BEGIN Material provided

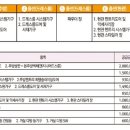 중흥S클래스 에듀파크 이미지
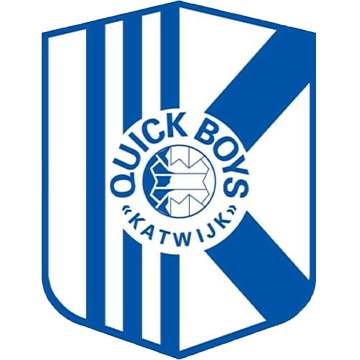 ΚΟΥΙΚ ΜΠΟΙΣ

END Material provided
BEGIN Material provided

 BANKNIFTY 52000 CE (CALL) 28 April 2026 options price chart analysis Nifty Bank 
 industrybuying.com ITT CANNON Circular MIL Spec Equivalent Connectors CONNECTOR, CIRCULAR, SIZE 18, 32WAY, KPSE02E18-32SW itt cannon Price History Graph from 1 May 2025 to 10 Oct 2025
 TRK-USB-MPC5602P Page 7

END Material provided

## Description of the task:
Output the lines above between the one holding "industrybuying.com ITT CANNON" and the one holding "TRK-USB-MPC5602P Page 7", inclusive, with nothing before or after them.

## Written solution:
 industrybuying.com ITT CANNON Circular MIL Spec Equivalent Connectors CONNECTOR, CIRCULAR, SIZE 18, 32WAY, KPSE02E18-32SW itt cannon Price History Graph from 1 May 2025 to 10 Oct 2025
 TRK-USB-MPC5602P Page 7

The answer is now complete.